=== Section Start ===

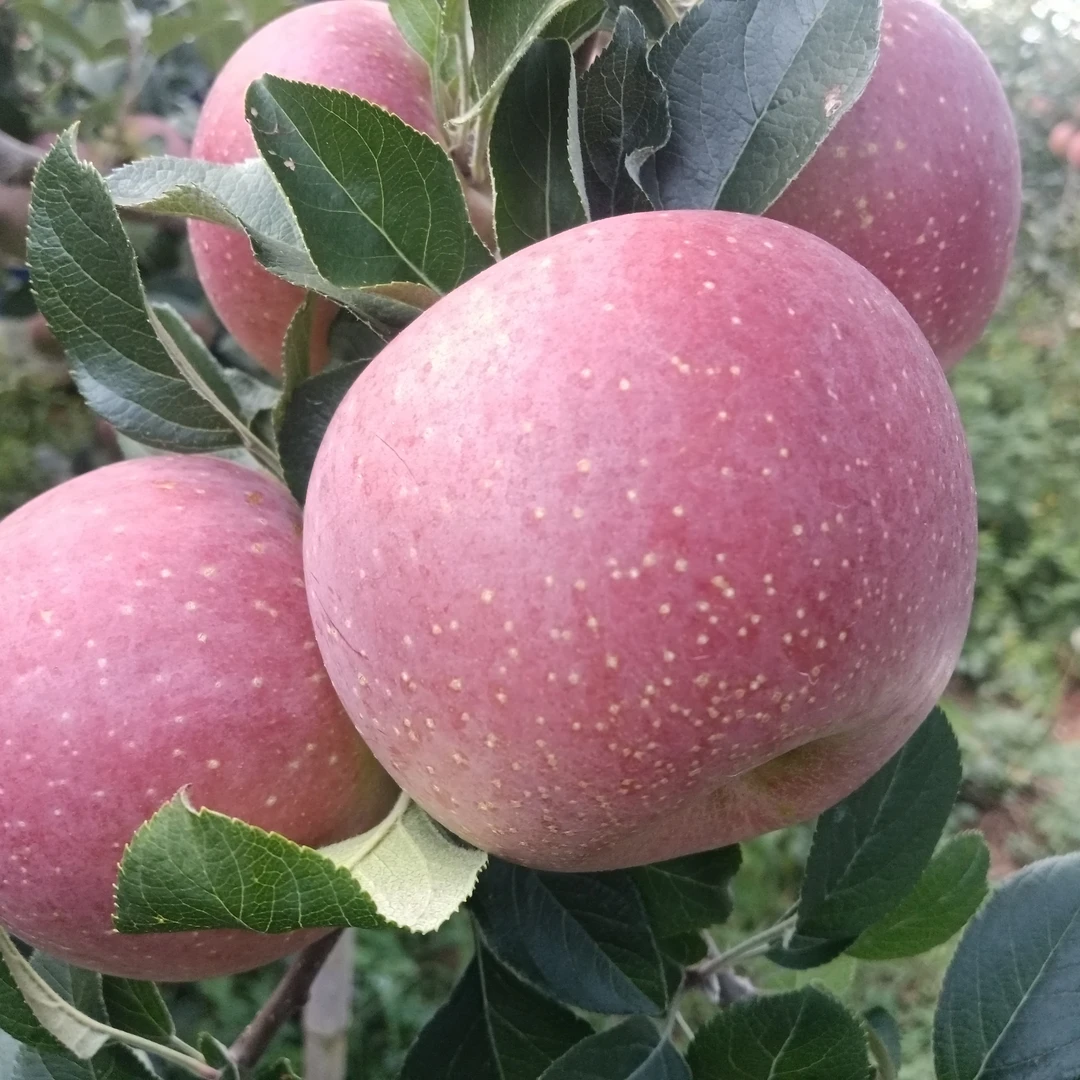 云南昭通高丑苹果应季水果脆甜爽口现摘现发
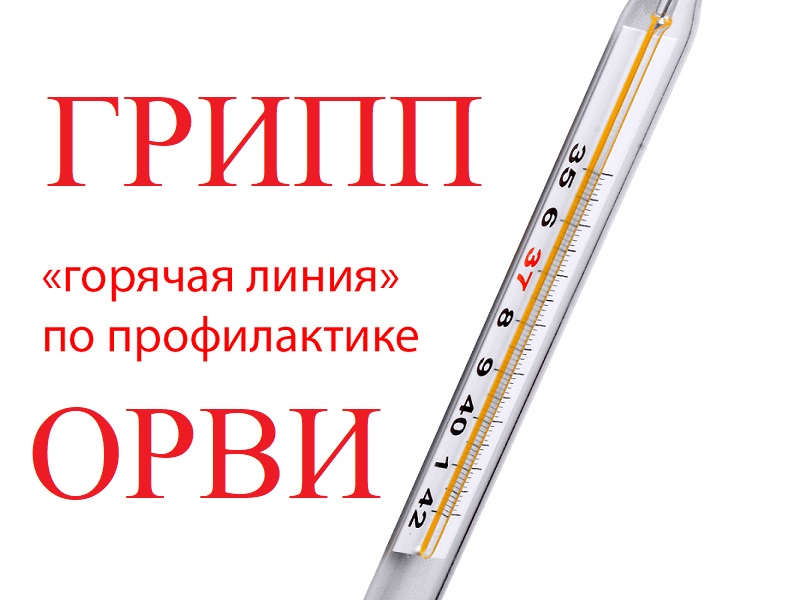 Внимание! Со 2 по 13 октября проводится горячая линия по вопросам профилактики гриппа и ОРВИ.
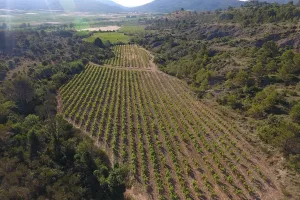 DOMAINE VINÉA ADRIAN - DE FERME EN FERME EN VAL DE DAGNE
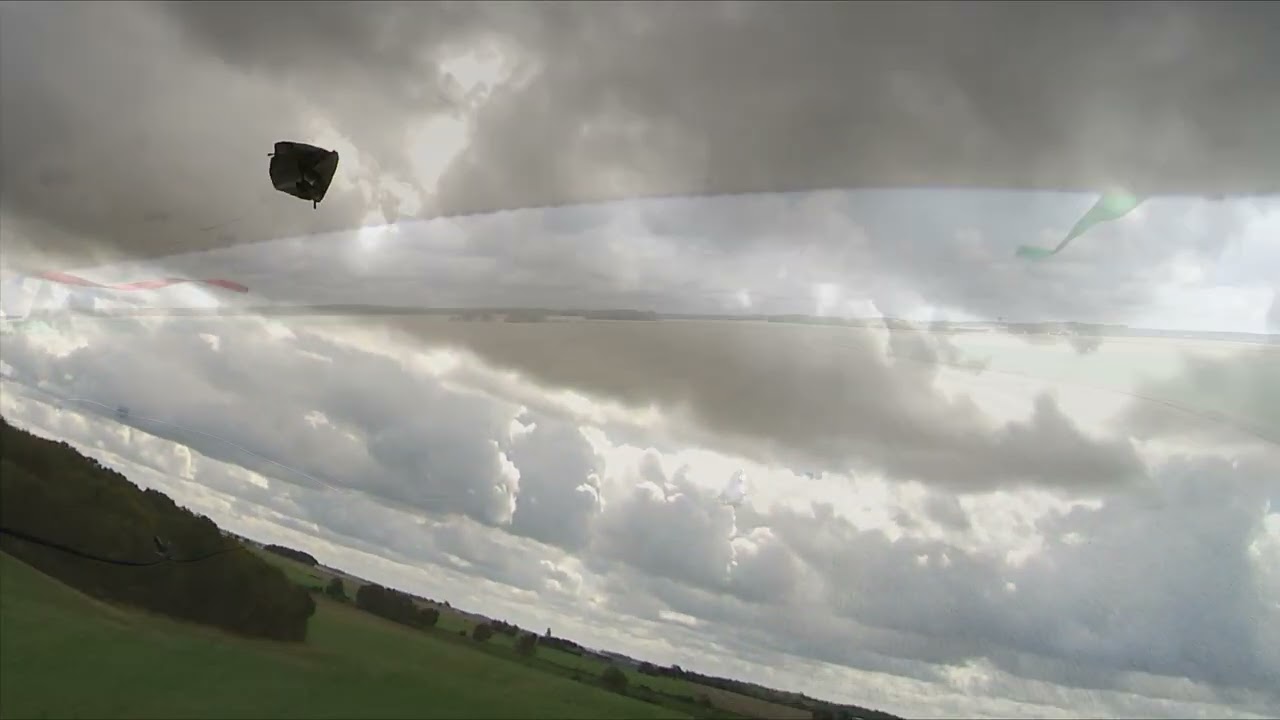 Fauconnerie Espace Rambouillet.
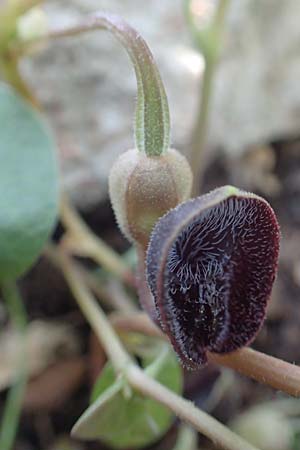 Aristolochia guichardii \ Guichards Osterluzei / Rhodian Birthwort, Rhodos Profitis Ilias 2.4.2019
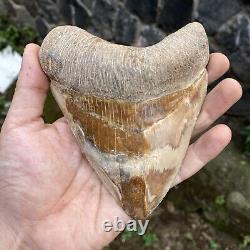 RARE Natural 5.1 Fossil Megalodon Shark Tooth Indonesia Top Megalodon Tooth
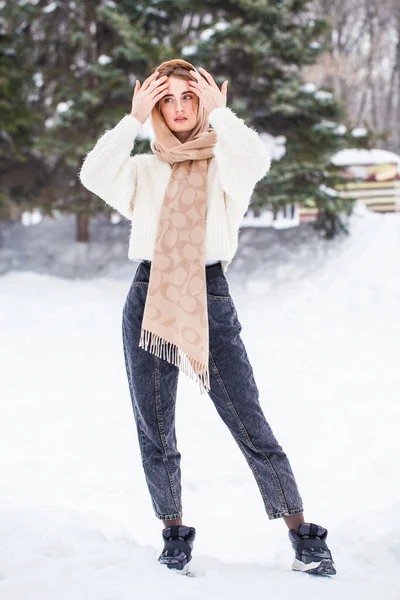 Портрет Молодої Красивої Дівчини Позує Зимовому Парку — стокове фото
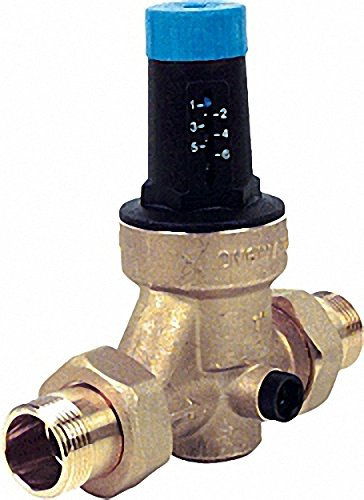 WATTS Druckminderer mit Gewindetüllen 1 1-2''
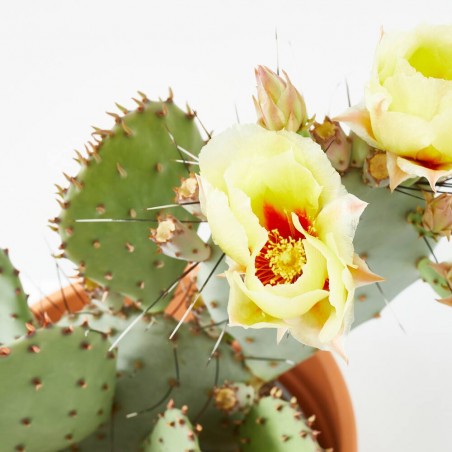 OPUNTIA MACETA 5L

=== Section End ===

With the pictures omitted, the entries are to be transcribed in full, exactly as they appear.

 云南昭通高丑苹果应季水果脆甜爽口现摘现发
 Внимание! Со 2 по 13 октября проводится горячая линия по вопросам профилактики гриппа и ОРВИ.
 DOMAINE VINÉA ADRIAN - DE FERME EN FERME EN VAL DE DAGNE
 Fauconnerie Espace Rambouillet.
 Aristolochia guichardii \ Guichards Osterluzei / Rhodian Birthwort, Rhodos Profitis Ilias 2.4.2019
 RARE Natural 5.1 Fossil Megalodon Shark Tooth Indonesia Top Megalodon Tooth
 Портрет Молодої Красивої Дівчини Позує Зимовому Парку — стокове фото
 WATTS Druckminderer mit Gewindetüllen 1 1-2''
 OPUNTIA MACETA 5L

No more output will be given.